** WORK TO BE COMPLETED **
The records appear below. Copy each one exactly.

+++

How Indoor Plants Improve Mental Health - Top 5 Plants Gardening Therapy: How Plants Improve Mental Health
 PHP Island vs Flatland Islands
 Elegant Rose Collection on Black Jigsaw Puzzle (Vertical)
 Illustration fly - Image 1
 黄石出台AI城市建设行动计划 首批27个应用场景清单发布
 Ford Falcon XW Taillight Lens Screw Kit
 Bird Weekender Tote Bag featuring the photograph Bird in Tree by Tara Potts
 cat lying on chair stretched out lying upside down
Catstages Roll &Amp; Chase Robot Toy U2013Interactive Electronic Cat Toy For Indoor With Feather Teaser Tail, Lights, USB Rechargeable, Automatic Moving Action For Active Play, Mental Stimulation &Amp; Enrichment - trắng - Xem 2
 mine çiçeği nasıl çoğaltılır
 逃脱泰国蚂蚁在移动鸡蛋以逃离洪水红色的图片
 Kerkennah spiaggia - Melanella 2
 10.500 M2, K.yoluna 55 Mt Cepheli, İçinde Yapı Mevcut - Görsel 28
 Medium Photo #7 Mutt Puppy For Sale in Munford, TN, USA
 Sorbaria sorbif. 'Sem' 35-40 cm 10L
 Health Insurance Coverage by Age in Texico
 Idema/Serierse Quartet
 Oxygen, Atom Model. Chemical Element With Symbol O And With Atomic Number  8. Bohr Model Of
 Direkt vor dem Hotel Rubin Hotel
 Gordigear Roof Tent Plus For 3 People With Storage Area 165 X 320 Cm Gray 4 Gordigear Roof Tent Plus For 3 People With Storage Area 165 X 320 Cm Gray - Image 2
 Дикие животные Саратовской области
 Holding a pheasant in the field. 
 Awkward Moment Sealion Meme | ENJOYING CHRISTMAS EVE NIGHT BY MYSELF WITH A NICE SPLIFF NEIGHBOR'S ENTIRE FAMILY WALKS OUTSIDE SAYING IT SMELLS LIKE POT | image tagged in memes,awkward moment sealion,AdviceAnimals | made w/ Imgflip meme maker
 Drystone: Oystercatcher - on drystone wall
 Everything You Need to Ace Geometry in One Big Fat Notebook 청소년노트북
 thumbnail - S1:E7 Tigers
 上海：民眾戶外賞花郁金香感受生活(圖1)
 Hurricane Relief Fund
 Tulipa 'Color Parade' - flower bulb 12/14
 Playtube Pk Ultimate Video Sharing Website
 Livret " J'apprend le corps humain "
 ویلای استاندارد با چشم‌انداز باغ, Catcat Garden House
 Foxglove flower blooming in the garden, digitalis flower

+++

** TASK ANSWER **
How Indoor Plants Improve Mental Health - Top 5 Plants Gardening Therapy: How Plants Improve Mental Health
 PHP Island vs Flatland Islands
 Elegant Rose Collection on Black Jigsaw Puzzle (Vertical)
 Illustration fly - Image 1
 黄石出台AI城市建设行动计划 首批27个应用场景清单发布
 Ford Falcon XW Taillight Lens Screw Kit
 Bird Weekender Tote Bag featuring the photograph Bird in Tree by Tara Potts
 cat lying on chair stretched out lying upside down
Catstages Roll &Amp; Chase Robot Toy U2013Interactive Electronic Cat Toy For Indoor With Feather Teaser Tail, Lights, USB Rechargeable, Automatic Moving Action For Active Play, Mental Stimulation &Amp; Enrichment - trắng - Xem 2
 mine çiçeği nasıl çoğaltılır
 逃脱泰国蚂蚁在移动鸡蛋以逃离洪水红色的图片
 Kerkennah spiaggia - Melanella 2
 10.500 M2, K.yoluna 55 Mt Cepheli, İçinde Yapı Mevcut - Görsel 28
 Medium Photo #7 Mutt Puppy For Sale in Munford, TN, USA
 Sorbaria sorbif. 'Sem' 35-40 cm 10L
 Health Insurance Coverage by Age in Texico
 Idema/Serierse Quartet
 Oxygen, Atom Model. Chemical Element With Symbol O And With Atomic Number  8. Bohr Model Of
 Direkt vor dem Hotel Rubin Hotel
 Gordigear Roof Tent Plus For 3 People With Storage Area 165 X 320 Cm Gray 4 Gordigear Roof Tent Plus For 3 People With Storage Area 165 X 320 Cm Gray - Image 2
 Дикие животные Саратовской области
 Holding a pheasant in the field. 
 Awkward Moment Sealion Meme | ENJOYING CHRISTMAS EVE NIGHT BY MYSELF WITH A NICE SPLIFF NEIGHBOR'S ENTIRE FAMILY WALKS OUTSIDE SAYING IT SMELLS LIKE POT | image tagged in memes,awkward moment sealion,AdviceAnimals | made w/ Imgflip meme maker
 Drystone: Oystercatcher - on drystone wall
 Everything You Need to Ace Geometry in One Big Fat Notebook 청소년노트북
 thumbnail - S1:E7 Tigers
 上海：民眾戶外賞花郁金香感受生活(圖1)
 Hurricane Relief Fund
 Tulipa 'Color Parade' - flower bulb 12/14
 Playtube Pk Ultimate Video Sharing Website
 Livret " J'apprend le corps humain "
 ویلای استاندارد با چشم‌انداز باغ, Catcat Garden House
 Foxglove flower blooming in the garden, digitalis flower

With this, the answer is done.